Windmill in Harpley, Norfolk, England

Harpley Windmill is a tower mill at Harpley, Norfolk, United Kingdom. It was built in 1832, replacing an earlier post mill. The mill worked by wind until 1921, and then by engine. Used as an observation post during World War II, it was converted to a holiday home in 2016. The mill is a Grade II listed building.

==History==
The first mill on the site was a post mill. It was standing in 1790 when miller William Brooke made a will. Brooke died in 1792. He was followed by William Catton until 1803, then Edward Barber.

The post mill was replaced by a tower mill in 1832, evidenced by the windshaft bearing that date. Millers were William Norman (1836-43), followed by his son William (1843-83). A steam engine had been installed as auxiliary power by 1858. On 28 February 1860, the mill was severely damaged in a storm. William John Norman inherited the mill in 1883, working it until 1916. On 2 June 1889, the mill lost a sail in a thunderstorm. At this time, the mill was still being worked on Common sails. The last miller was Harry Howes. The mill was tailwinded in March 1921 and was thereafter worked by oil engine. By 1926, the mill had only two sails and the fantail was missing.

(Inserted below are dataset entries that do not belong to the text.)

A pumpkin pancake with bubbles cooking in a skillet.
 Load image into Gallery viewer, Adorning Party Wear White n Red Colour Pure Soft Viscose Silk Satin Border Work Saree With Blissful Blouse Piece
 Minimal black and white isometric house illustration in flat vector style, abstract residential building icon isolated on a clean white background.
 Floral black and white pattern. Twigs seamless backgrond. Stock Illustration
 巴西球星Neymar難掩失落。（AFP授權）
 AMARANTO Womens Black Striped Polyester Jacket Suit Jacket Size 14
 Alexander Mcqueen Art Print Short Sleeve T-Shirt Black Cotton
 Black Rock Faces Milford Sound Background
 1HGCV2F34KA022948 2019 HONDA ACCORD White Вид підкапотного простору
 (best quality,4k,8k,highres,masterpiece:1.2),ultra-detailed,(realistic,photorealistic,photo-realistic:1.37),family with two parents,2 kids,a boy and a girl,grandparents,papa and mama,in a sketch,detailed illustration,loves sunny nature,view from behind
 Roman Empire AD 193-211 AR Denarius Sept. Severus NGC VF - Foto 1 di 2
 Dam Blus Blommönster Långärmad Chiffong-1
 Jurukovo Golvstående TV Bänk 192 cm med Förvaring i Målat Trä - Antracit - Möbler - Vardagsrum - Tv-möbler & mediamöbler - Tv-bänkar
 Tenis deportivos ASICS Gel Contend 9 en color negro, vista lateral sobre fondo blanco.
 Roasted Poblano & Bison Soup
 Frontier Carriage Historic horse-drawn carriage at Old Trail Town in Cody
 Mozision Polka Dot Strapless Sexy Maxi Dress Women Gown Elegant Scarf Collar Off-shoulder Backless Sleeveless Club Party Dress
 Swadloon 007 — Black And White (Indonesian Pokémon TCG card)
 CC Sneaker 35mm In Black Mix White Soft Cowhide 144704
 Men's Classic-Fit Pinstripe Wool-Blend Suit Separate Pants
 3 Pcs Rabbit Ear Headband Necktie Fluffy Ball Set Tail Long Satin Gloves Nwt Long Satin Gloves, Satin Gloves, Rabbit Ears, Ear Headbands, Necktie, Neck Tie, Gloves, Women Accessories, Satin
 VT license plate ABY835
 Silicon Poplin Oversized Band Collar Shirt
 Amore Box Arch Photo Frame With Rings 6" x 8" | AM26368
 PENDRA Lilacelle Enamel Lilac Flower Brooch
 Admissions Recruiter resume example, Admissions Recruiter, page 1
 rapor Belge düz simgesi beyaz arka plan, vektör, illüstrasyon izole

The mill had lost its cap and sails by 1937. It was used by the Home Guard during World War II. It was probably at this date that an external metal ladder was fitted to the mill. The mill was listed as Grade II on 13 April 1987. The tower was reduced in height by 3 ft in 2014. It was converted to a holiday home in 2016.

==Description==
Harpley Windmill is a six storey tower mill, with a stage at the second floor level. It had an eight-sided ogee cap with a gallery and petticoat. Latterly, four double Patent sails were carried on a cast-iron windshaft, cast by King's Lynn ironfounder Aikman in 1832. The sails had eight bays. Seven of three shutters and the outermost bay having two. The sails rotated clockwise. The mill had a cast iron upright shaft.The 7 ft 6 in diameter great spur wheel drove three pairs of millstones, which were driven overdrift. One pair of French burr stones was 4 ft 0 in diameter, another was 4 ft 6 in diameter. The stone nuts were 18 in diameter.